Jesus is the savior of both spirit and body. His suffering was a whole offering, never segmented to apply only to one part of man. The same cross that accomplished justification also secured healing. The same blood that removes guilt also delivers from the curse of sickness. To deny one while confessing the other is to mutilate redemption and present a distorted Christ. The apostles rejected such fragmentation outright. They preached a whole gospel of forgiveness, healing, deliverance, and eternal life, because the Redeemer himself is whole and undivided. Every blessing rests on his nature and work, not on the ebb and flow of human theories.

The attempt to classify healing as a temporary gift or an expired credential is more than a harmless mistake. It becomes heresy in the fullest sense. To deny the physical blessings of redemption is to deny redemption itself. It rewrites the atonement so that Christ bore sins but left sickness unaddressed, as if he died for guilt but ignored the curse, and as if he conquered death but left disease unchallenged. Such denial replaces the gospel with another, and in doing so it weakens everything it touches. It proclaims a Christ who saves the soul but abandons the body, portraying him as a redeemer who forgives but does not restore, or a Lord who justifies but leaves his people under the torment of affliction. This is a counterfeit Christ, foreign to Scripture. It is a fabrication and counterfeit. Anyone who preaches such a false gospel is by definition an antichrist.

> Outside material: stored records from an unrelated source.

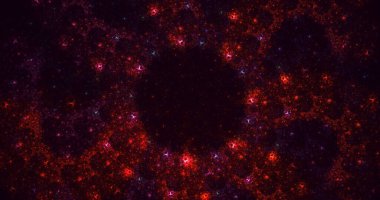 Soyut çok renkli fraktal ışık arkaplanı 3B görüntüleme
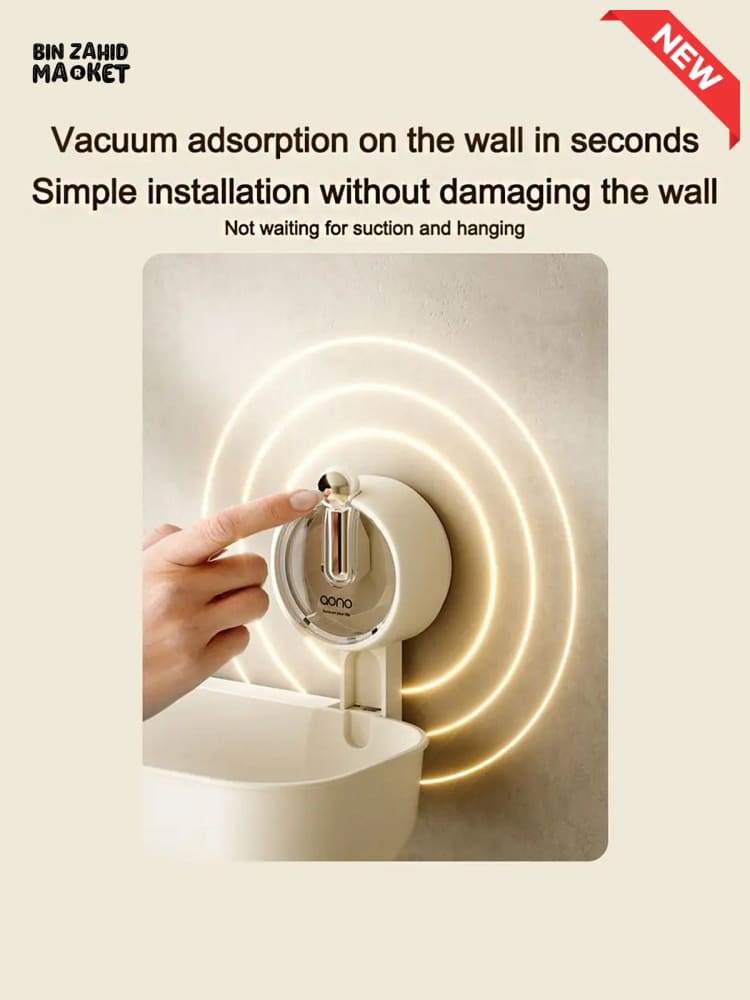 LUXORMOVE NO DRILL VACUUM SUCTION BATHROOM SHELF – WATERPROOF SHOWER CADDY RACK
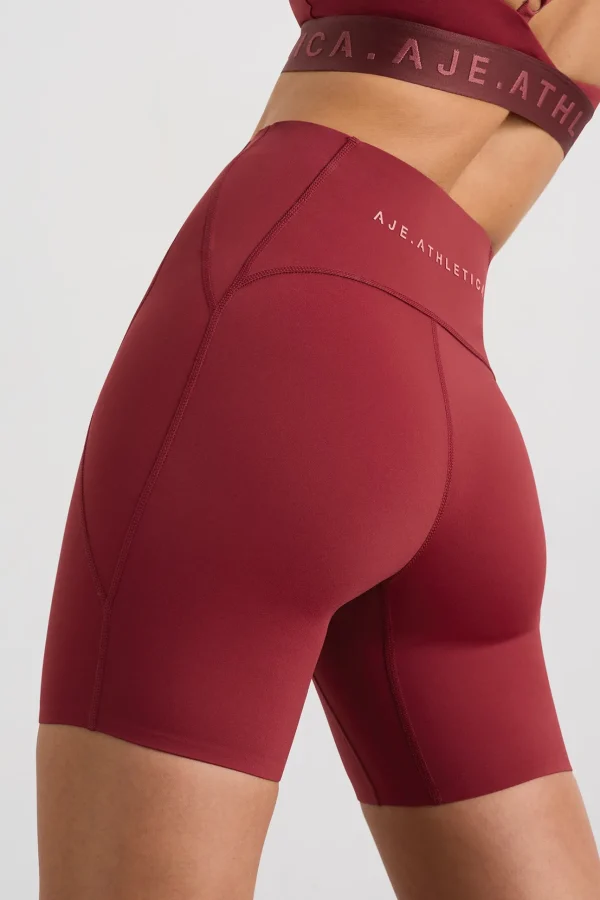 Panelled Bike Shorts 615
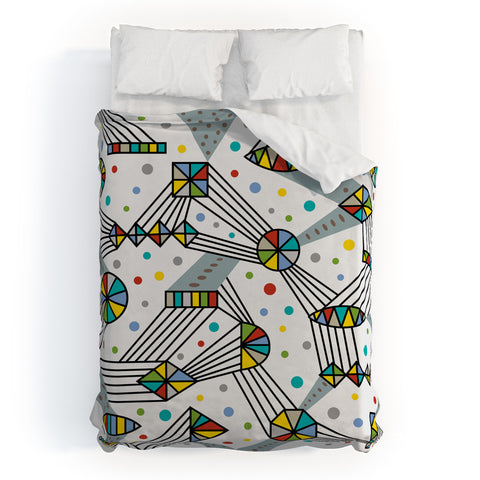 Andi Bird Intergalactic Grey Duvet Cover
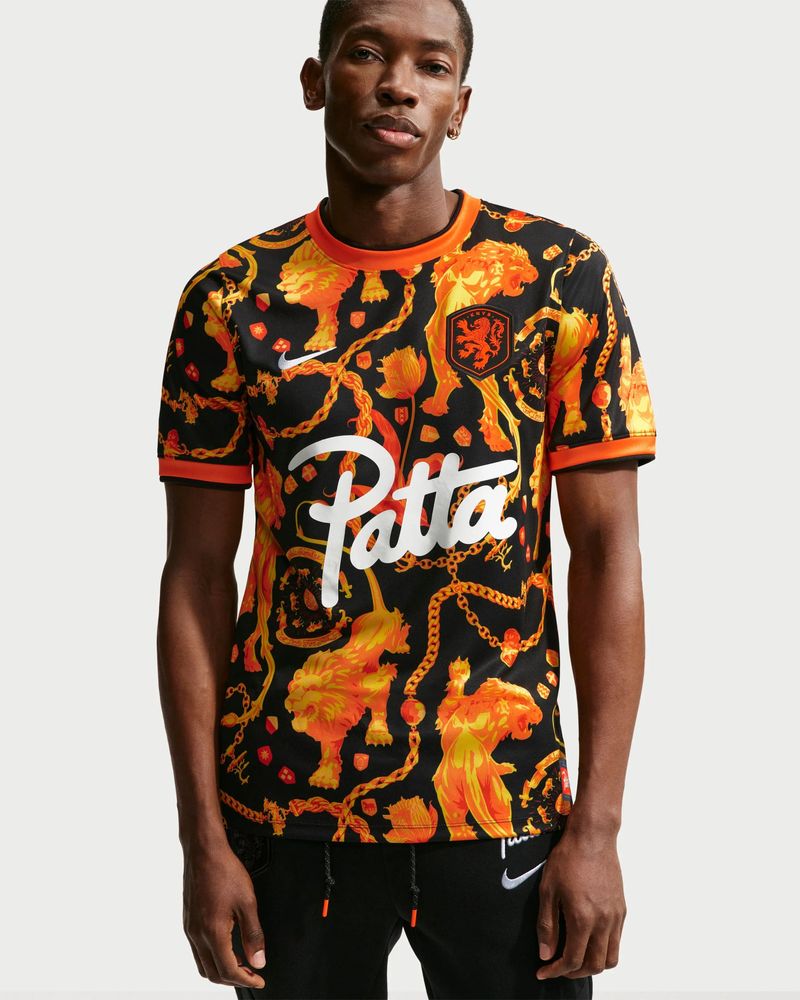 Patta x Nike KNVB Pre-Match Jersey (Black/Orange)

The Faithless tell themselves that they are guarding orthodoxy, but by rejecting redemption and the nature of God, they fall into the service of Satan. They act as his mouthpieces, repeating the lie that God has withdrawn and no longer shows mercy or extends his benefits. Their doctrine inevitably implies that God no longer acts according to his own nature, or that his nature has changed. But if his nature can change, then he was never God in the first place. They function as heralds of unbelief, speaking with the voice of Satan and carrying his message. To receive their teaching is to sit at the feet of a demon, one who bears the name of theologian but speaks with the voice of the serpent. Their message replaces Christ with another savior. Scripture judges them by their doctrine. It exposes them as evil, standing as enemies of Christ and heralds of Satan.

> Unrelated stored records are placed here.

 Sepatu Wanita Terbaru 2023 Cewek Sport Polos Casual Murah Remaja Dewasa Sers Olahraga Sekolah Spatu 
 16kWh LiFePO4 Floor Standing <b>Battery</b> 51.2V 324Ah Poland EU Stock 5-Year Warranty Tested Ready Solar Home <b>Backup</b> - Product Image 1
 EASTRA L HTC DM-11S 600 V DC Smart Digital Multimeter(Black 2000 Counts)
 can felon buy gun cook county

Forget not all his benefits. To remember them is to confess what God is. He is the one who forgives sins and heals diseases, who redeems life from the pit and crowns with steadfast love and mercy. These are constant expressions of his nature, never confined to fleeting eras of revelation. To diminish them is to diminish him, to forget who he is and what he has declared himself to be. To confess them is to worship him as he truly is, to acknowledge the fullness of his character, and to receive the salvation he has accomplished in Christ.

Christian theology must reject every scheme that confines healing to the past, to gifts, or to proofs. It must recognize that redemption is comprehensive. The benefits are intrinsic to God’s nature, and Christ has accomplished an undivided salvation for spirit and body. Anything less is blasphemy. Such a distortion parades itself as orthodoxy but has no truth in it. In practice it denies the cross and empties it of power. By its very nature it betrays the Redeemer. The true gospel refuses such distortions. It proclaims the Lord as he is: the healer, the savior, the provider, the righteous judge, the eternal God whose name and nature remain unchanged. To confess him rightly is to confess healing as well as forgiveness, abundance as well as righteousness, life in every aspect as well as life everlasting. This is his nature and his benefits, and this is the Christ whom faith receives.